Na relação discursiva é que as imagens constituem as diferentes posições e assim fazem de fato, algum sentido. Vale ressaltar que este sentido não está nas palavras, mas antes delas e depois delas, simplesmente porque palavras remetem a palavras. Além do que, os sentidos não estão irrevogavelmente dependentes das intenções, mas permeados e atravessados pelas suas próprias relações com uma formação discursiva peculiar e com uma memória. Portanto, não existe sentido em si, ele nasce de colocações de caráter ideológico fazendo com que as palavras mudem de sentido de acordo com as posições em que são enunciadas, apreendidas a partir do exterior do discurso.

1.2. Adjetivação

Adjetivos são palavras avaliativas, o seu uso comprova que não somos neutros diante do que estamos vendo, dizendo ou participando. A avaliação revel não um objeto neutro no mundo, mas um alinhamento que ocorre através do fenômeno por um ator particular. Através da escolha de determinados adjetivos, os editores se posicionam em relação ao que publicaram.

1.3. Metáfora

Charaudeau e Maingueneau (2004), diferentes daquelas da gramática tradicional que classifica a metáfora como sendo apenas uma figura de linguagem, ou seja, o uso de uma palavra em sentido conotativo. Para os autores acima, a metáfora é uma figura do discurso e possui funções discursivas, a saber: a) uma função estética: ornamentar o discurso, sobretudo o literário; b) uma função cognitiva: explicação por meio de analogias de algo novo ou de pouco conhecimento; c) uma função persuasiva: os diversos discursos – políticos, morais – usam a metáfora como forma de impor opiniões de maneira não explícita.
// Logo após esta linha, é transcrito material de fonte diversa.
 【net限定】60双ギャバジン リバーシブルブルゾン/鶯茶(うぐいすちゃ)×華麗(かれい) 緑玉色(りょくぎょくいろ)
Ao consideramos a metáfora como inserida nos discursos, veremos que sua manifestação pode ocorrer por meio de uma heterogeneidade mostrada que é a incidência sobre as manifestações explícitas, recuperáveis a partir de uma diversidade de fontes de enunciação (MAINGUENEAU, 1997).
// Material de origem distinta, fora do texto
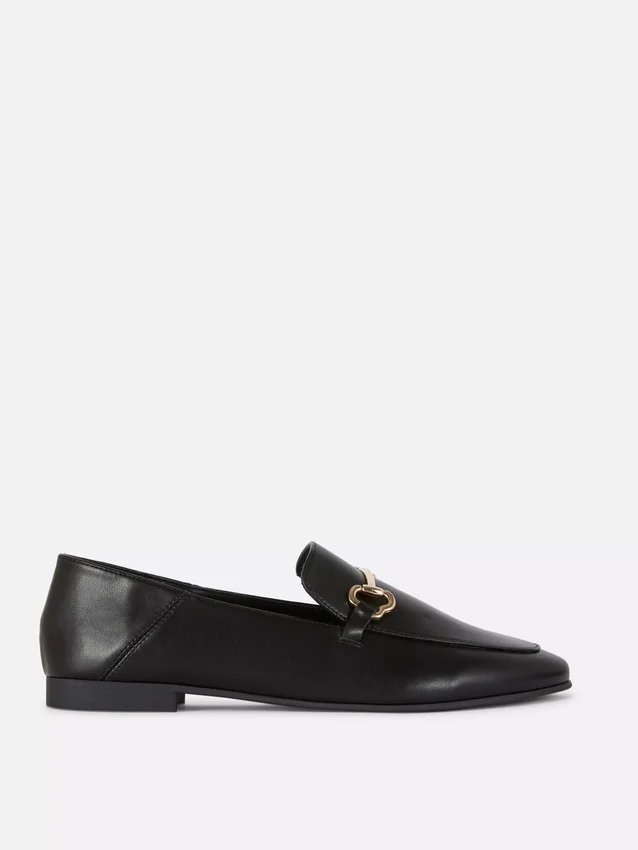 Juhlavat loaferit
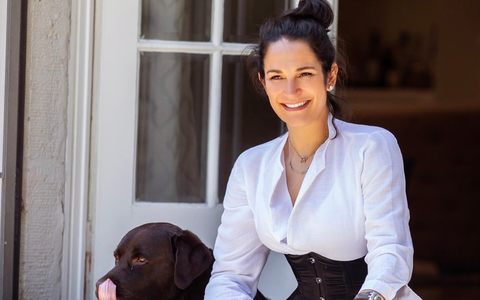 Ramona Portugalov: Vom Berliner Sofa bis zur europaweiten Academy mit einer radikal nahbaren Interior-Philosophie - Foto: presseportal.de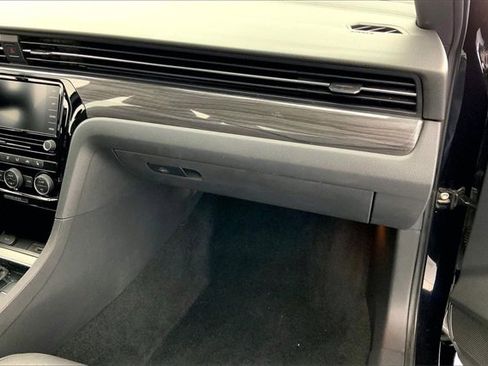 Used 2022 Volkswagen Passat 2.0T R-Line image 16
Ao inserirmos a noção de formação discursiva, estamos considerando as implicações para o sujeito que enuncia. Ou seja, ele não é mais a fonte de seu dizer, pois mesmo este tendo uma intenção, esta não é a garantia de sentido. Para a AD o sentido é o efeito de sentido entre interlocutores em posições ideológicas, institucionais.  É a partir da formação discursiva na qual esse sujeito se inscreve é que ele poderá dizer ou citar x e não y. Para entender o dito e a citação, é importante esclarecer a noção de intertexto e intertextualidade. Para Maingueneau (1997), a noção de intertexto de uma formação discursiva é entendida como o conjunto dos fragmentos que ela efetivamente cita e, por intertextualidade, o tipo de citação que esta formação discursiva define como legítima para sua própria prática. O autor esclarece também que a intertextualidade pode ser interna ou externa. A primeira seria quando o discurso se relaciona com discurso(s) de um corpus discursivo do mesmo campo. Já a segunda se dá quando um discurso se relaciona com discurso(s) de outros campos. 

2.TIPOS DE LINGUAGEM

2.1. A linguagem verbal

 O discurso guiado pela linha editorial tem como objetivo provocar efeitos de sentido no leitor, seja de forma explícita ou implícita. O significado explícito de uma frase é percebido no texto, através de uma análise gramatical ou lingüística, a questão é perceber como ocorre o enunciado (particular, individual), que requer uma outra forma de compreensão, quando é preciso analisar o sentido que lhe está sendo atribuído em determinada situação. A argumentação de um texto está na forma como este é produzido levando-se em conta o que está pressuposto e o que está subentendido nele.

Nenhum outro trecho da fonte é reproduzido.